*Assigned task*:
Could you copy, exactly as written, every line from the first line of the records through the one containing "กรองน้ำมันเครื่อง MAHLE ตรงรุ่น"?

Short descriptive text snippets

******************************

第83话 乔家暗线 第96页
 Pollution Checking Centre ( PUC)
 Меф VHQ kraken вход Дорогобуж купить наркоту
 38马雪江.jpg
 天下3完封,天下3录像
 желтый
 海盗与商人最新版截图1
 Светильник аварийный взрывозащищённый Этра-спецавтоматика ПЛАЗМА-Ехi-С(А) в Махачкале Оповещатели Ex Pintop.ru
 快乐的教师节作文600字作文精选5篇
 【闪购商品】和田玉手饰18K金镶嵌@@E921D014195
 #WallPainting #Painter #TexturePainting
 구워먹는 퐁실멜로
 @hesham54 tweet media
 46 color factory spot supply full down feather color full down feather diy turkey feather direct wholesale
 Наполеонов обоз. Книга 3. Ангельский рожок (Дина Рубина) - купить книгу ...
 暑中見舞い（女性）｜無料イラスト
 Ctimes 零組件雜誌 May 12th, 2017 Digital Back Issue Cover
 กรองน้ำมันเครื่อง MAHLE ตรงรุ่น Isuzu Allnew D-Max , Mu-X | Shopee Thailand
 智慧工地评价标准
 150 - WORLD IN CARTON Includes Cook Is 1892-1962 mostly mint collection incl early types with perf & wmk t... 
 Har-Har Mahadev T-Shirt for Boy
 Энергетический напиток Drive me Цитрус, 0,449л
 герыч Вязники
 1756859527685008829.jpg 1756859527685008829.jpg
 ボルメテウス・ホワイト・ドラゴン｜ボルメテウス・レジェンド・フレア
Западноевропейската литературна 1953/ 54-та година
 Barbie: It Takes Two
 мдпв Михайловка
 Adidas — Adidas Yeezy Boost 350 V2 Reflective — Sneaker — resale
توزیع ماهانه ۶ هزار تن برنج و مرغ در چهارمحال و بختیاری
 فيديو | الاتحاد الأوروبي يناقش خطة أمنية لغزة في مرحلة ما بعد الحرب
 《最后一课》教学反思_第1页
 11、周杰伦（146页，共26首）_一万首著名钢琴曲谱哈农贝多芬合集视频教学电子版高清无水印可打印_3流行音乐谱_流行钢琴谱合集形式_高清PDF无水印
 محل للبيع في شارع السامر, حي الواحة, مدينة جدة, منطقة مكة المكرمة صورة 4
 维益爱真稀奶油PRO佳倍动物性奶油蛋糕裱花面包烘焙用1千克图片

******************************

*The answer*:
第83话 乔家暗线 第96页
 Pollution Checking Centre ( PUC)
 Меф VHQ kraken вход Дорогобуж купить наркоту
 38马雪江.jpg
 天下3完封,天下3录像
 желтый
 海盗与商人最新版截图1
 Светильник аварийный взрывозащищённый Этра-спецавтоматика ПЛАЗМА-Ехi-С(А) в Махачкале Оповещатели Ex Pintop.ru
 快乐的教师节作文600字作文精选5篇
 【闪购商品】和田玉手饰18K金镶嵌@@E921D014195
 #WallPainting #Painter #TexturePainting
 구워먹는 퐁실멜로
 @hesham54 tweet media
 46 color factory spot supply full down feather color full down feather diy turkey feather direct wholesale
 Наполеонов обоз. Книга 3. Ангельский рожок (Дина Рубина) - купить книгу ...
 暑中見舞い（女性）｜無料イラスト
 Ctimes 零組件雜誌 May 12th, 2017 Digital Back Issue Cover
 กรองน้ำมันเครื่อง MAHLE ตรงรุ่น Isuzu Allnew D-Max , Mu-X | Shopee Thailand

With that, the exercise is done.